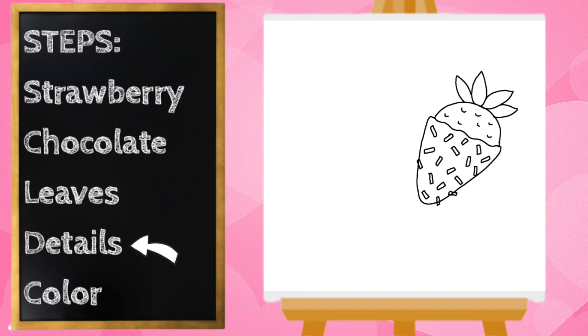I think that looks good. Now pause the video if you need to catch up, but if not, let's go ahead and work on the other strawberry.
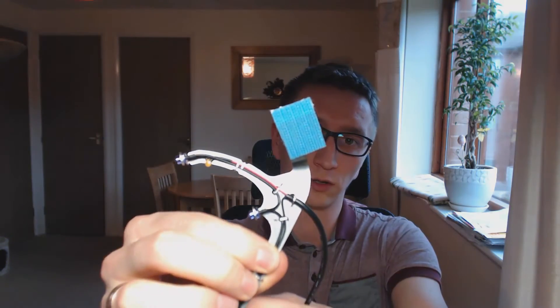The easiest way to do that is to attach some velcro adhesive onto your headphones. I'm actually using the P12 Turtle Beach, which I find really nice for the price, and the Dellan Clip on its own with velcro attached too.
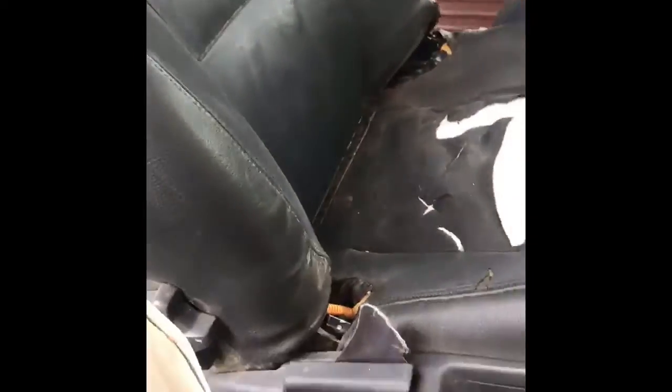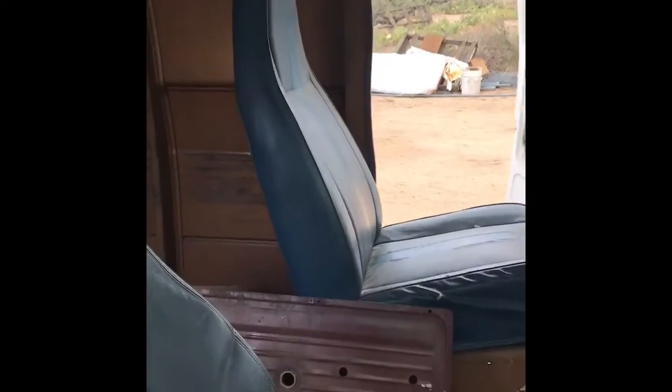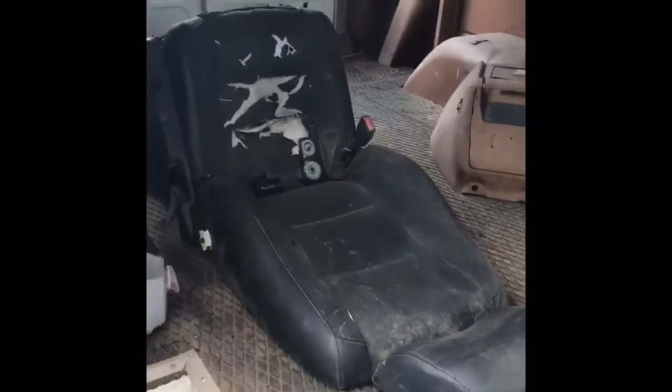I got a couple Volvo bucket seats. There's the original 79 Chevy van seat. I gotta make a bracket to mount it. I've got an extra one in back. I just got it set in place to see how it's gonna look.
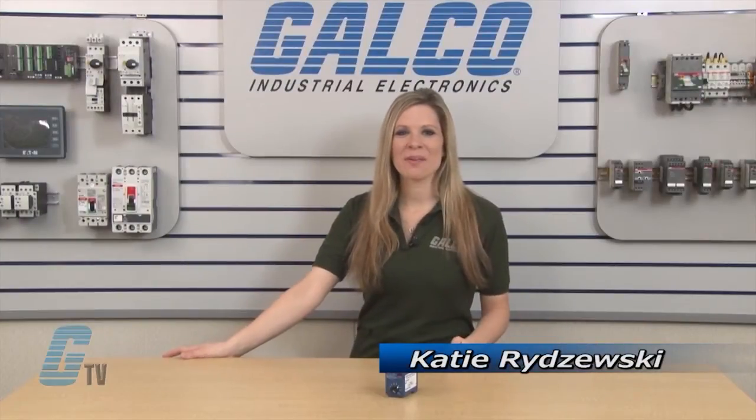Welcome to G-TV! Today I will be showing you RK Electronics TUV Series of Timing Relays.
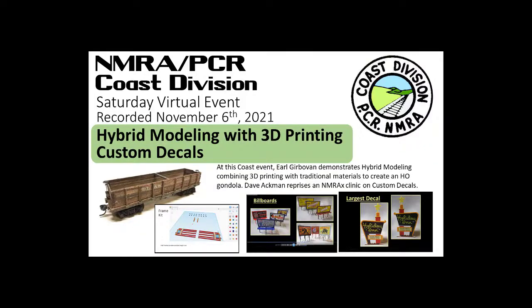This recording is the November 6, 2021 virtual meeting of the NMRA-PCR Coast Division. It features Earl Gerbevon with hybrid modeling using 3D printing and traditional materials to create an HO gondola, and Dave Ackerman reprising an NMRA-X clinic on custom decals.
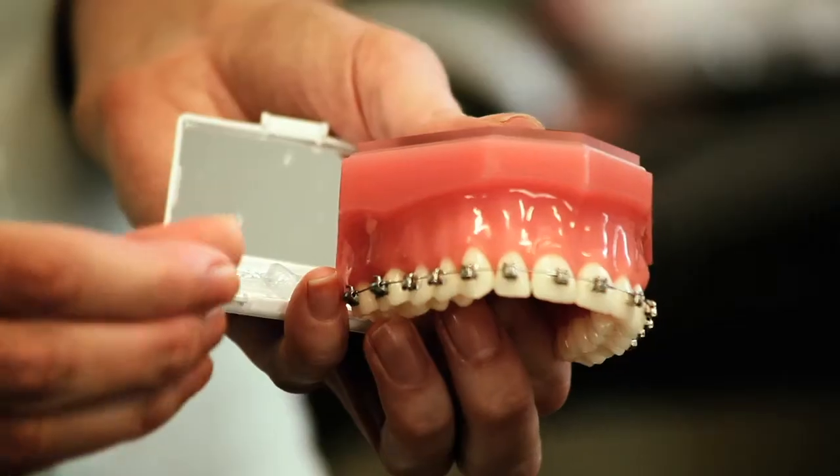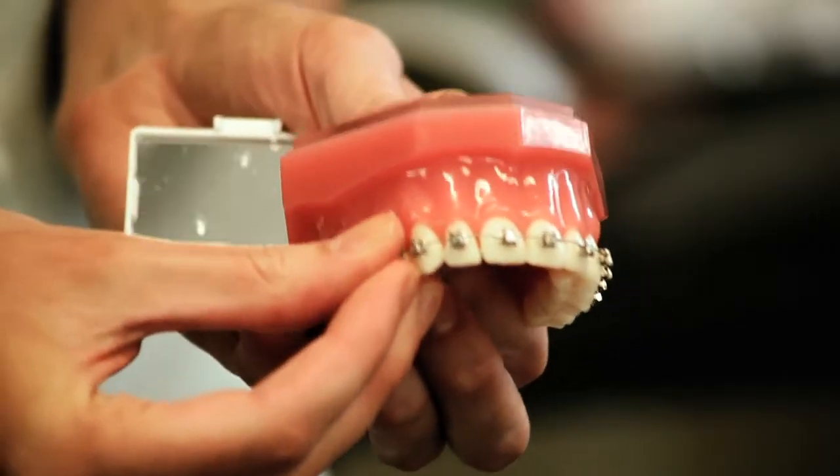While your cheeks get used to the brace, you may need to use some wax to cover any areas that rub. This acts like a cushion. Simply dry the brace in the sore area and place a ball of wax over the bracket that's rubbing.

_WHAT THE EXERCISE ASKS_
Your answer must be an exact copy of the records, with every picture left out.

_COMPLETED TASK_
I think that looks good. Now pause the video if you need to catch up, but if not, let's go ahead and work on the other strawberry.
The easiest way to do that is to attach some velcro adhesive onto your headphones. I'm actually using the P12 Turtle Beach, which I find really nice for the price, and the Dellan Clip on its own with velcro attached too.
I got a couple Volvo bucket seats. There's the original 79 Chevy van seat. I gotta make a bracket to mount it. I've got an extra one in back. I just got it set in place to see how it's gonna look.
Welcome to G-TV! Today I will be showing you RK Electronics TUV Series of Timing Relays.
This recording is the November 6, 2021 virtual meeting of the NMRA-PCR Coast Division. It features Earl Gerbevon with hybrid modeling using 3D printing and traditional materials to create an HO gondola, and Dave Ackerman reprising an NMRA-X clinic on custom decals.
While your cheeks get used to the brace, you may need to use some wax to cover any areas that rub. This acts like a cushion. Simply dry the brace in the sore area and place a ball of wax over the bracket that's rubbing.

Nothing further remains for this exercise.